Data section
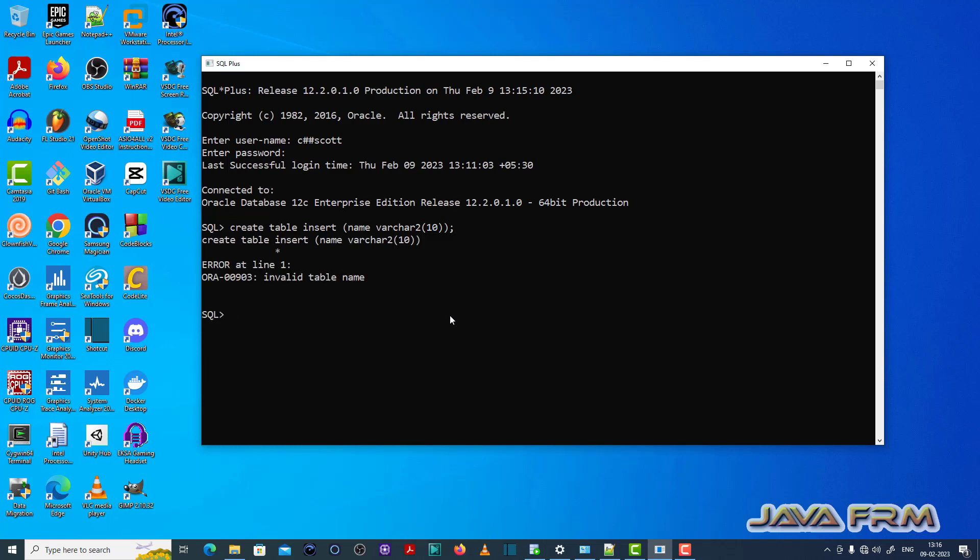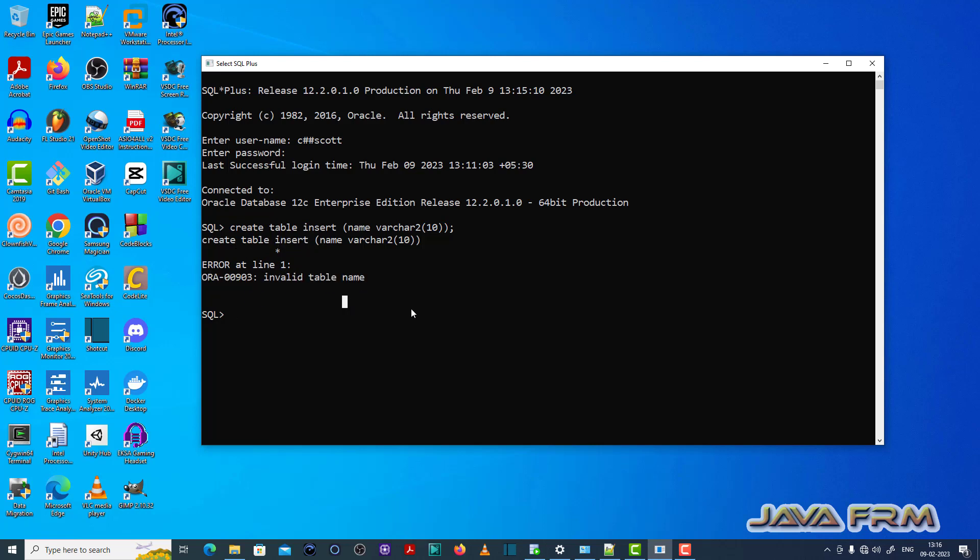So you can see that ORA-00903 invalid table name error is thrown here because it does not accept insert as a table name because insert is a reserved keyword in Oracle Database. So make sure that you have provided a valid table name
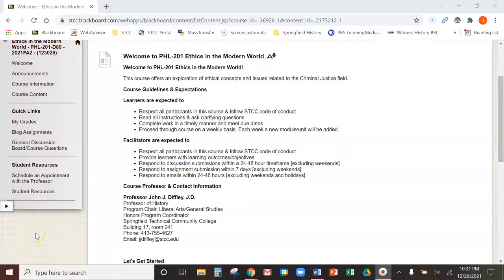Hey everyone, this is Professor Diffley. I'm going to be your professor here for Philosophy 201, Ethics in the Modern World. I want to do this intro video to show and talk about how to use the required text for this course.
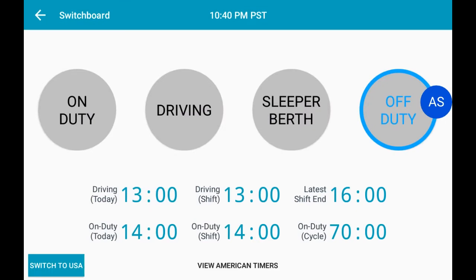Here, you have your duty status buttons and your clock of hours remaining at the bottom. Currently, it is showing Canadian hours. When you are in the United States, it will show the rules of that country. Otherwise, you can click the Switch to USA button.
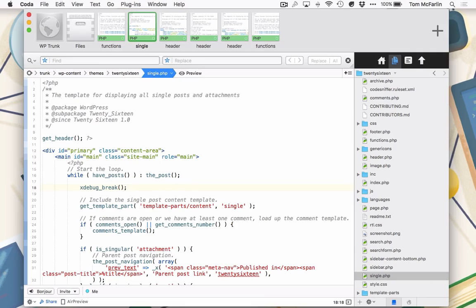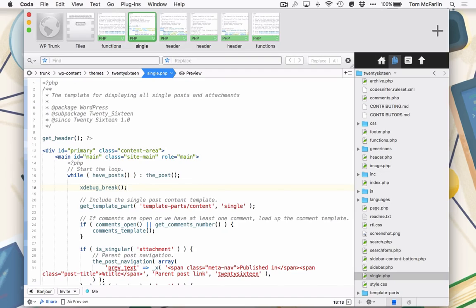In this theme, you'll notice that I have selected the single.php template, and right after the start of the while loop, I've added a line of code on line 18 that says xdebug underscore break. This particular line of code will allow Codebug to pick up where we are in the source code and will allow us to begin debugging the code.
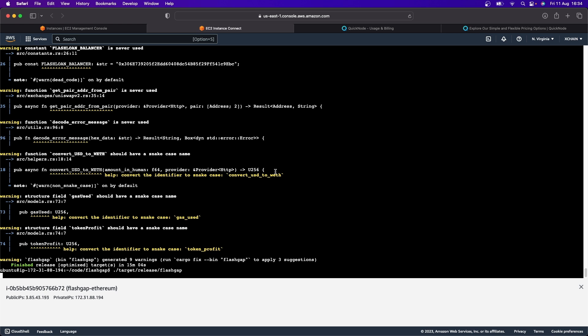And so when I look at this over here, I actually first of all discovered that I needed to limit the amount of API requests going out because too many were being made per second. And you know, QuickNode, Alchemy and Infura, they're all fantastic services.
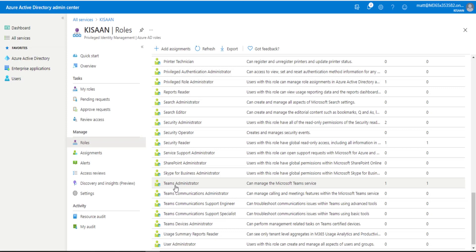There are PowerShell scripts out there, and I'll link to the one I'm using in the comments below, that allows us to request that Teams admin role just in time in our script. Let's jump over to Visual Studio Code.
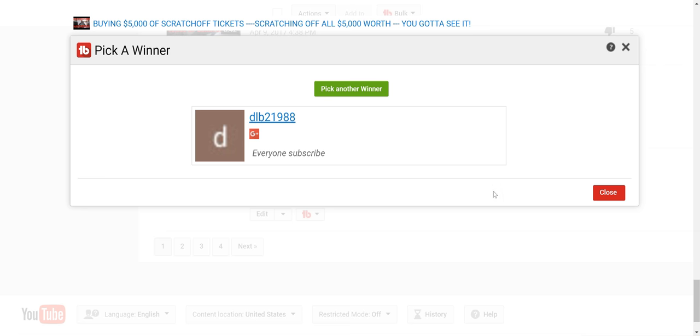So please like, comment, subscribe, share. See you guys soon. And make sure you contact me to let me know what you want me to do with your $10.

Instructions for the task
An exact, image-free transcription of all the records above is needed.

Response area
So you can see that ORA-00903 invalid table name error is thrown here because it does not accept insert as a table name because insert is a reserved keyword in Oracle Database. So make sure that you have provided a valid table name
Hey everyone, this is Professor Diffley. I'm going to be your professor here for Philosophy 201, Ethics in the Modern World. I want to do this intro video to show and talk about how to use the required text for this course.
Here, you have your duty status buttons and your clock of hours remaining at the bottom. Currently, it is showing Canadian hours. When you are in the United States, it will show the rules of that country. Otherwise, you can click the Switch to USA button.
In this theme, you'll notice that I have selected the single.php template, and right after the start of the while loop, I've added a line of code on line 18 that says xdebug underscore break. This particular line of code will allow Codebug to pick up where we are in the source code and will allow us to begin debugging the code.
And so when I look at this over here, I actually first of all discovered that I needed to limit the amount of API requests going out because too many were being made per second. And you know, QuickNode, Alchemy and Infura, they're all fantastic services.
There are PowerShell scripts out there, and I'll link to the one I'm using in the comments below, that allows us to request that Teams admin role just in time in our script. Let's jump over to Visual Studio Code.
So please like, comment, subscribe, share. See you guys soon. And make sure you contact me to let me know what you want me to do with your $10.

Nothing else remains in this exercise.